After you click “OK” you will see the resulting estimated regression model.
• Deploying your best model to the test data: Once you feel confident that you have found your best
model, you want to apply that model to predict the records from the test data. This can be done
directly inside of R Commander. However, in order to make this process as seamless as possible, we
first have to install an add-on package to R Commander. The name of this add-on package is
“Rcmdr.Plugin.UCA”. Here is how you install this add-on package:
• Installing the add-on package Rcmdr.Plugin.UCA:
First, go to the R Console and select “Install package(s)…”
A new window will pop-up asking you to select a mirror (i.e. server); choose a location close to you.
Another window will pop-up with all available R packages. Scroll down until you see
Rcmdr.Plugin.UCA; select that package and click OK; this will start an installation process that may
take several minutes.
When the installation process has finished, close-out R Commander and R, and re-start. First re-start
R, then re-start R Commander
Once R Commander has re-started, go to “Tools” and select “Load Rcmdr plug-in(s)
Select the plug-in that you just installed (Rcmdr.Plugin.UCA) and click “OK”
R Commander will ask you to re-start; click OK
Once R Commander has re-started, you will find the new option to “Predict active model” under the
tab “Model” ; we will use that option for our Kaggle Competition.
• At this point, you should have installed the add-on package Rcmdr.Plugin.UCA. You should also have
a pretty good idea about your best model (or at least your first best model that you want to submit
to Kaggle – you can always refine your model and submit additional models later). I will assume that
you have already uploaded the train data train.csv into Rcmdr; be sure that you also upload the test
data test.csv at this point.
The test data should look just like the train data, except for that the last column (i.e. the column
with SalePrice) is missing.
Then, using your best model from the training data (be sure to select “train” in Rcmdr when you
run that model)….
…click on Models > Predict using active model > Add predictions to existing dataset….
Select the test data “test” and click OK
If you now click on “View data set” for the test data, you should find that a new column has
been appended to the test data; this new column read “fitted.RegModel.1” (or a similar
number, depending on how many different regression models you have already run at this
point). This new column is your predicted SalePrice for the test data.
You can download these predictions into a .csv file by going to the “Data” tab, then selecting
“Active data set” and then “Export active data set…”
Select how you want your data to be exported (you might want to select the field separator
“commas” such that your exported data also becomes a comma separated .csv file)
You can now open your test data and double check that you see the new column with your
predictions for SalePrice
• Creating your submission file: Next, you want to merge the predictions with the identifier (ID)

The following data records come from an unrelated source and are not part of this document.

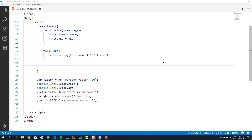Hello! In this lesson, I'll teach you how to work with static methods in classes. So to understand static methods, first we need to see a practical example.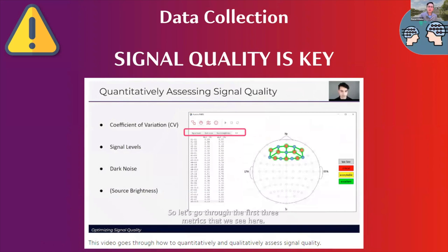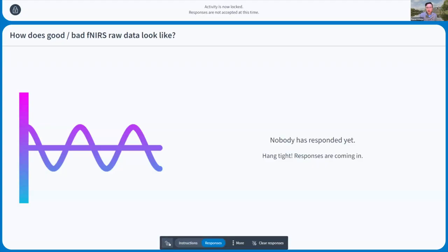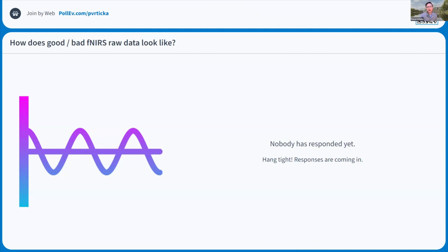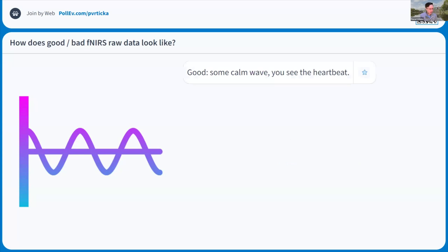But maybe you don't just want to look at those generic indications of excellent, acceptable, critical, or too low signal levels — you want to actually look at more detailed properties of the raw signal. So imagine you are setting up your study and want to make sure data is good enough before starting the recording. A question for you: how does good or bad fNIRS raw data actually look? What should you be looking out for when you do a raw signal data quality check?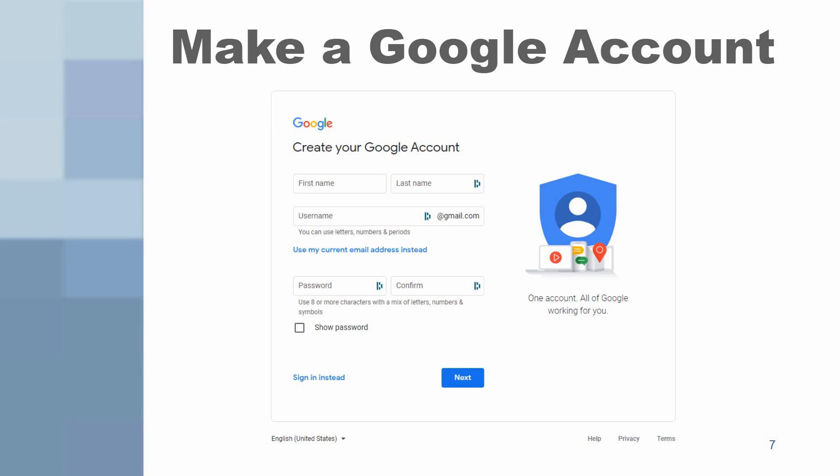That's all for part one of our Google Docs overview. The other parts will come later. And that's your one-minute lesson for tonight. Bye-bye.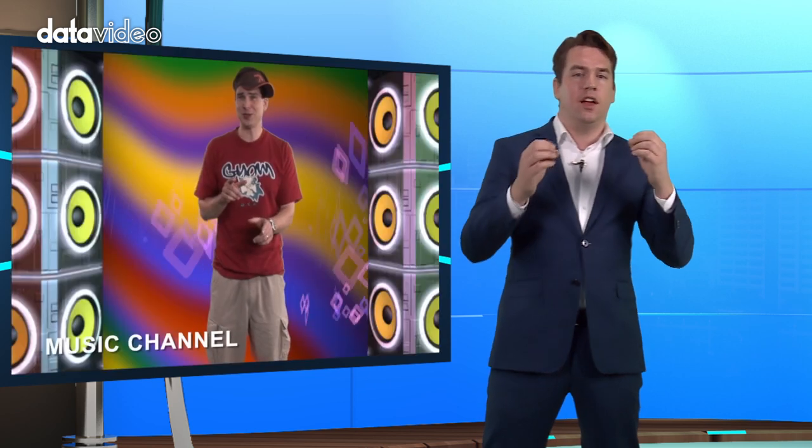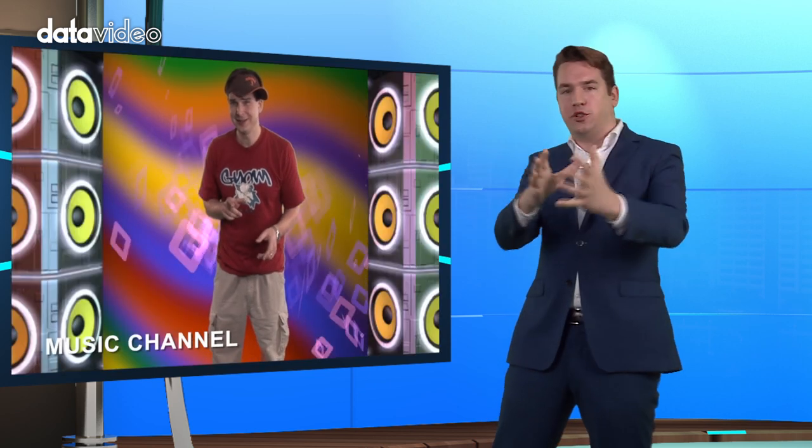If you want to learn from professional directors or camera operators, just switch on the television. There are literally hundreds of shows that use multi-camera EFP production. Watch carefully how they transition each shot and choose the camera shots and angles.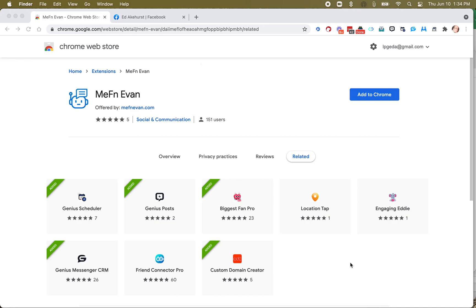MephinEvan is a chatbot autoresponder for your personal Facebook profile. You've heard of some of the ones that are out there for your business pages. There's ManyChats, there's Chatfuel, there's Chatmatic, there's Clever Messenger. There are all kinds of them, and they all work on your business pages. This one works on your personal profile, so it's very unique.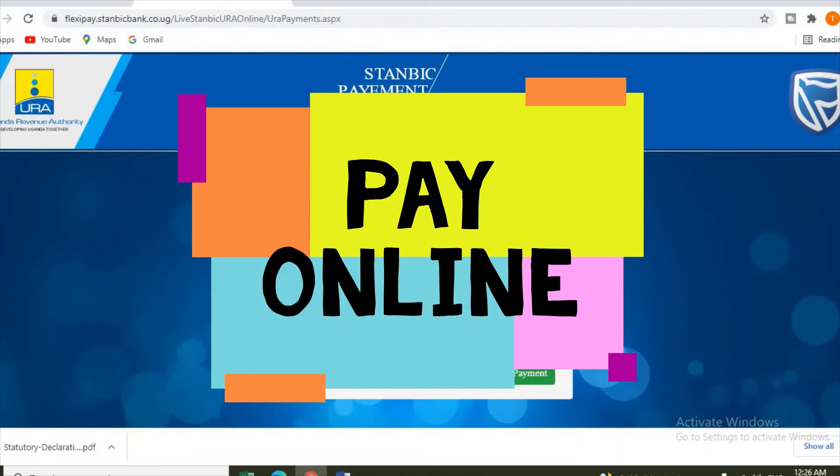This is your PRN - Payment Registration Number - your name, and the amount you're going to pay. So you can verify your PRN. If everything is okay, continue and make payment.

records from the test data (i.e. from test.csv)…
…in order to get a suitable submission file. The submission file should only contain the identifier
(ID) in the first column and the predicted sales price (SalePrice) in the second column.
• Submitting your predictions to Kaggle: Once you have created your submission file, go back to the
home page for the House Prices competition and locate the “submit predictions” tab. Click on that
tab and upload your submission file.
Then complete your submission. If all goes well, you should now see your score….
…and you should also find your position on the leaderboard
Deliverables:
• Please submit your best score and your best position on the leaderboard to Canvas.com. Your
score and leadership position will be used to evaluate your efforts (relative to that of the other
students in the course) and to assign your grade for this project.
That’s it! Good luck with your data science competition.